Parallel plots are useful for understanding the connections in a data set. In this post, we will demonstrate how ggplot2 and ggforce packages can be combined to create Parallel set plots–an extension of parallel plots.
Parallel set plots depict the proportional flow of information through a system. This can also be thought of as a sort of guide informing us of how the features in our data set are connected. The key advantage of Parallel set plots is the addition of the “proportional” component.
You may have seen a parallel coordinate plot that could be thought of as the foundation on which the parallel set plot is built. Parallel coordinate plots depict the relationship of the features in the data without accounting for the proportion each feature represents. Parallel coordinate plots are great for comparing continuous data while parallel set plots are better suited for use with categorical data.
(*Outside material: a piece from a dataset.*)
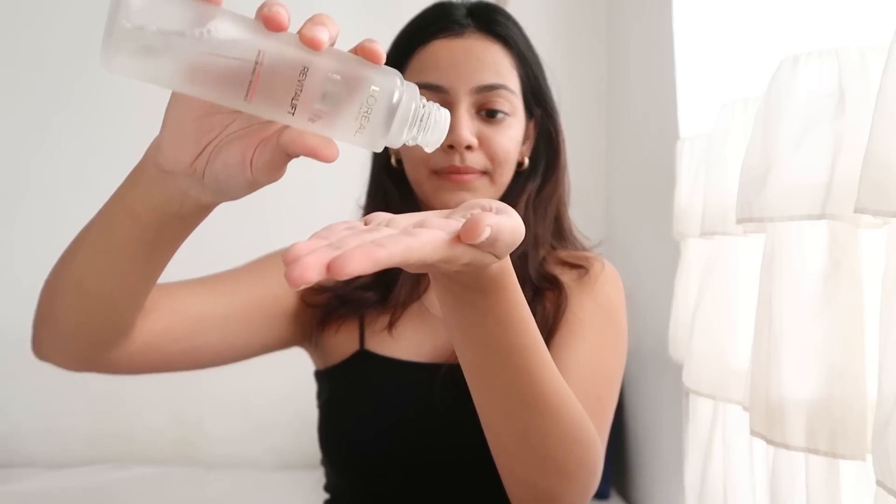It also helps with pigmentation, acne scars or marks, and blemishes — it's going to take care of all of that, which is really great for something that looks like just a water-like thing you're applying on your face. It's extremely easy to apply — all you need is three to four drops onto your palm, rub it, then dab it onto your skin. You don't even need a cotton pad; just use clean hands.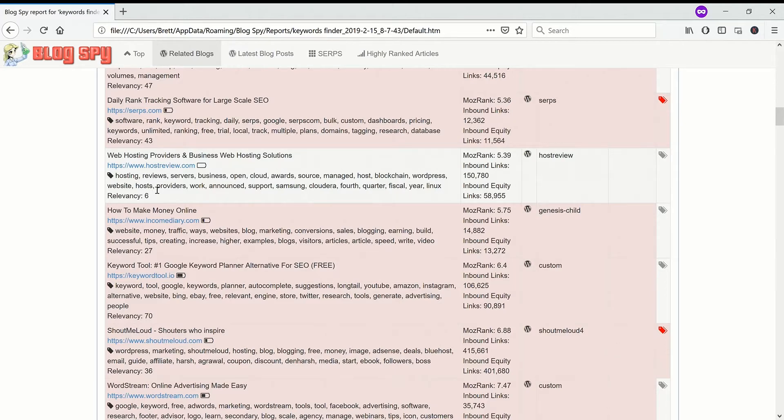Host Review — this is a big hosting community type site; it's not that relevant. You have to log in and make an account, and they only cover hosting and servers really, so I don't think they'd be interested in my products. Income Diary and Shout Me Loud — I'll cover these together. These are both very big blogs with tens of thousands of inbound links. The Moz rank of Shout Me Loud is nearly seven — these are gigantic sites. I think I will do guest posts on these sites but they have to be absolutely killer posts and I have to really think about what I'm going to write for them.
Creating a Parallel Coordinate Plot with ggplot2 and ggforce
Using the mtcars data set found in R, we will create a parallel coordinate plot. This plot is useful for visualizing the manner in which groups within the data compare on rank across the features. We first call the data and complete some data manipulation using the tidyverse package:
> #call the mtcars data
> mydata <- mtcars
> mydata <- rownames_to_column(mydata, var = ‘vehicle’)
> mydata <-
+ mydata %>% gather(key = ‘key’, value = ‘value’,-vehicle)
We then filter on a subset of the vehicles to make the parallel coordinate plot easier to read. We also scale the values so that we can better compare across all levels.
> #parallel coord
> mydata %>% filter(vehicle %in% c(‘Maserati Bora’,’Pontiac Firebird’,’Camaro Z28′
+ ,’Toyota Corolla’,’Honda Civic’)) %>%
+ arrange(key) %>% mutate(value = log(value)) %>%
+ ggplot(aes(x = key,y = value, colour = vehicle, group = factor(vehicle))) +
+ geom_path(position = ‘identity’) +
This parallel coordinate plot allows us to visualize how the categories compare across vehicles. We can easily see that the Honda Civic and Toyota Corolla seem to be in a different group than the other vehicles.
The Parallel Set Plot
Now if we wanted to visualize a data set of categorical data, we can build a parallel set plot. Parallel set plots, alluvial plots and sankey diagrams are all very similar in their presentation. We will focus on the parallel set plots. In this case we use the adults data set from the UCI data repository. We load our data and create a negate function to help with filtering.
> #parallel set plot
> ‘%not_in%’ <- Negate(‘%in%’) #not in function
> adults <- read.csv(‘adult_csv.csv’)
> adults <- adults[c(2,4,6,7,9,10,15)] #select sub set of features
We then clean our data by removing any blank values and renaming some of the education levels.
> #clean up the education levels
> education_levels <-
> adults$education <- as.character(adults$education)
> adults$education[which(adults$education %not_in% education_levels)] <- ‘less_than_HS’
> adults <- adults[which(adults$workclass != ”),]
The parallel set plot depicts the aggregated totals of unique sequences through the data. To calculate this we group across all features in the data and count the frequency of occurrence. We also filter on values greater than 10 to make the plot more readable.
> #requires data.frame containing the frequency of some sequence
> adults <-
+ adults %>% group_by(workclass,education,marital.status,occupation,race,sex,class) %>%
+ summarise(freq = n()) %>% filter(freq > 10)
The parallel plot functions require the data to be in long form. We transform our data set to long form and using the ggparallel_sets functions to generate the visual.
> #gather the data.frame into long form
> adults <- gather_set_data(adults, 1:7)
> #plot parallel set
> ggplot(adults, aes(x, id = id, split = y, value = freq)) +
+ geom_parallel_sets(aes(fill = class), alpha = 0.3, axis.width = 0.2) +
+ geom_parallel_sets_axes(axis.width = 0.2) +
+ geom_parallel_sets_labels(colour = ‘black’,angle = 360,size = 3) +
The form of the plot shares characteristics with the parallel coordinate plot. Immediately we see how the width of the stream connecting each feature provides a natural path for the eye to follow. We can easily make conclusions regarding the data. We can see that a small number of male high school grads working in the private sector earn greater than 50k per year.
Parallel plots are great for visualizing the relationships of features in a data set. Another application could be in visualizing model performance across a series of models. This could aid in the selection of the best model for a given data set.